§ WHAT IS EXPECTED:
From the records below, please print only the lines from the one containing "back of property" through the one containing "istock grilled beef", both included. Skip the pictures.

§ THE INPUT:
*** Begin section ***

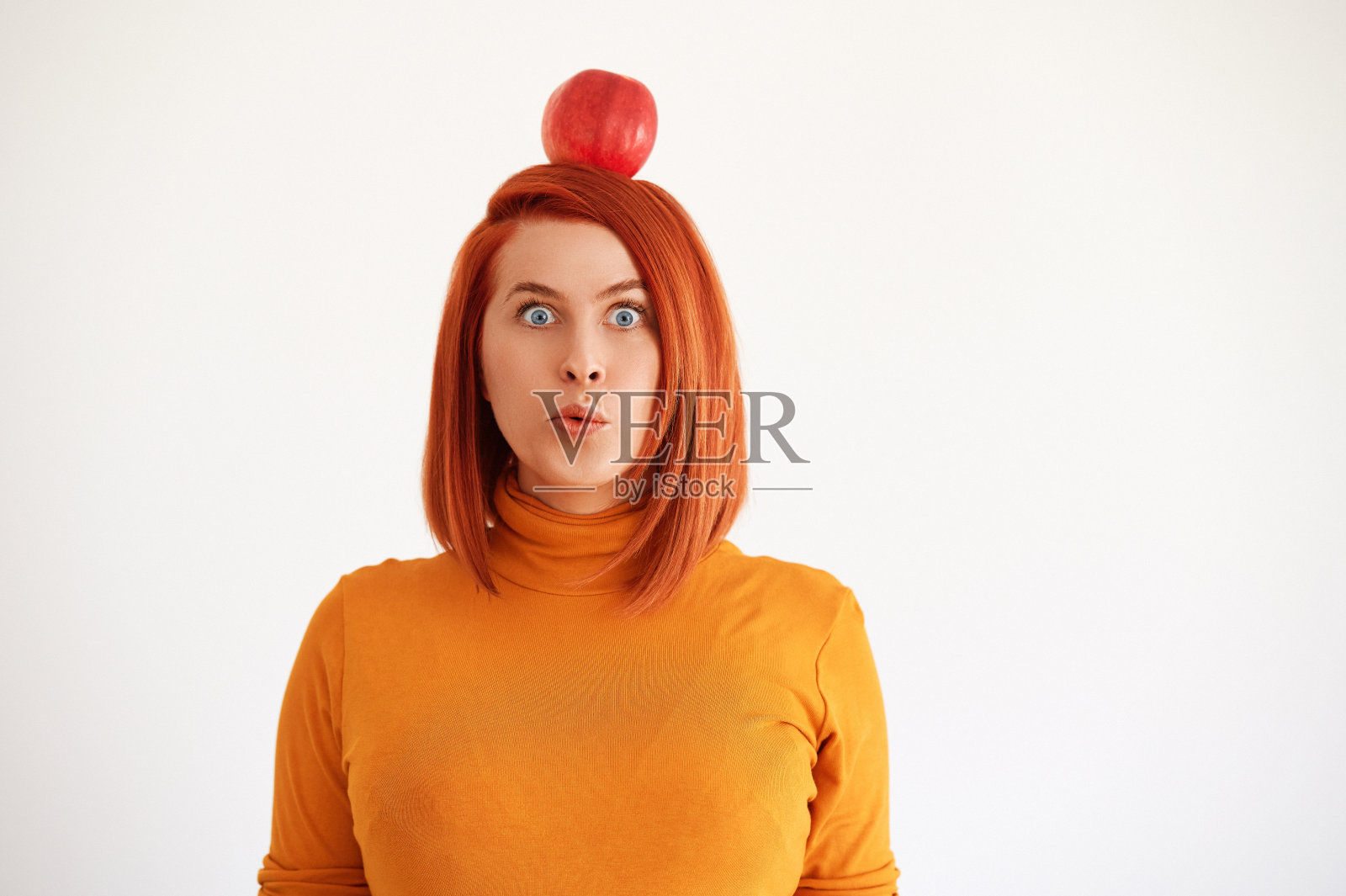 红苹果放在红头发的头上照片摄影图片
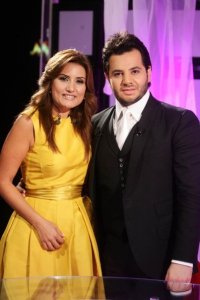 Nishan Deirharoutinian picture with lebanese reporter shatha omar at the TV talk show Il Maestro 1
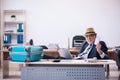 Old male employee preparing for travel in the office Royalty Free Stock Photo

*** End section ***
*** Begin section ***

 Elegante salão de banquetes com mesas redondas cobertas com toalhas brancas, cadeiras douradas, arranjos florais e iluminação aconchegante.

*** End section ***
*** Begin section ***

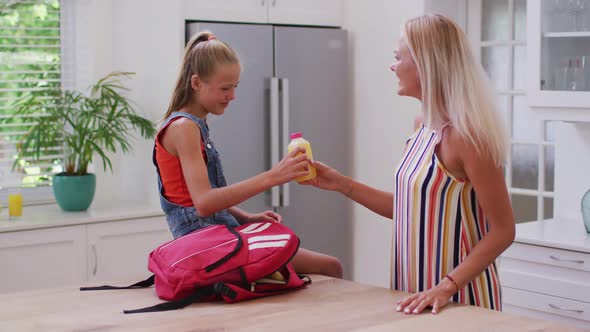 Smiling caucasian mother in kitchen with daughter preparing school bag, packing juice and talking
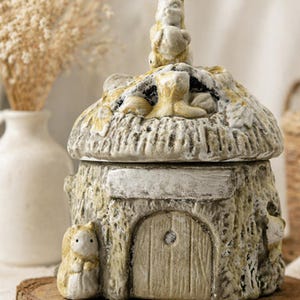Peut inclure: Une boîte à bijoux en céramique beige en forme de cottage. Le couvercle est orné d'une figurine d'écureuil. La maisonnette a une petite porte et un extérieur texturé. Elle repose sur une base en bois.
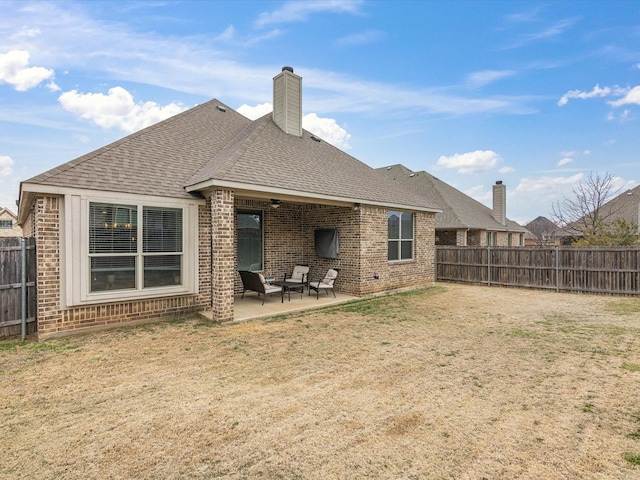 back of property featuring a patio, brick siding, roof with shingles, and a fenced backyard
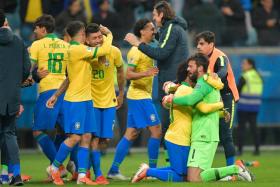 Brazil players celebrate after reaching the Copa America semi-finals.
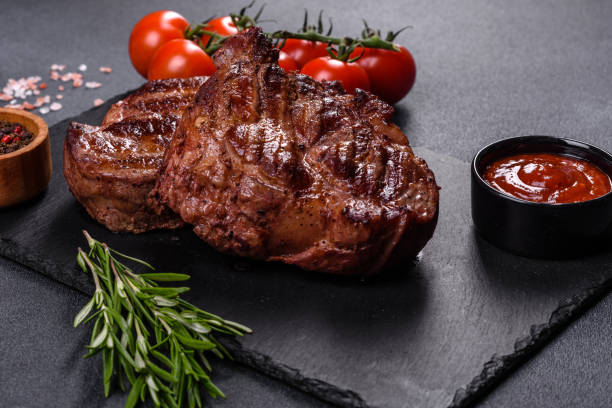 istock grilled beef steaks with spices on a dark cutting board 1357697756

*** End section ***

§ RESULT OF THIS EXERCISE:
 back of property featuring a patio, brick siding, roof with shingles, and a fenced backyard
 Brazil players celebrate after reaching the Copa America semi-finals.
 istock grilled beef steaks with spices on a dark cutting board 1357697756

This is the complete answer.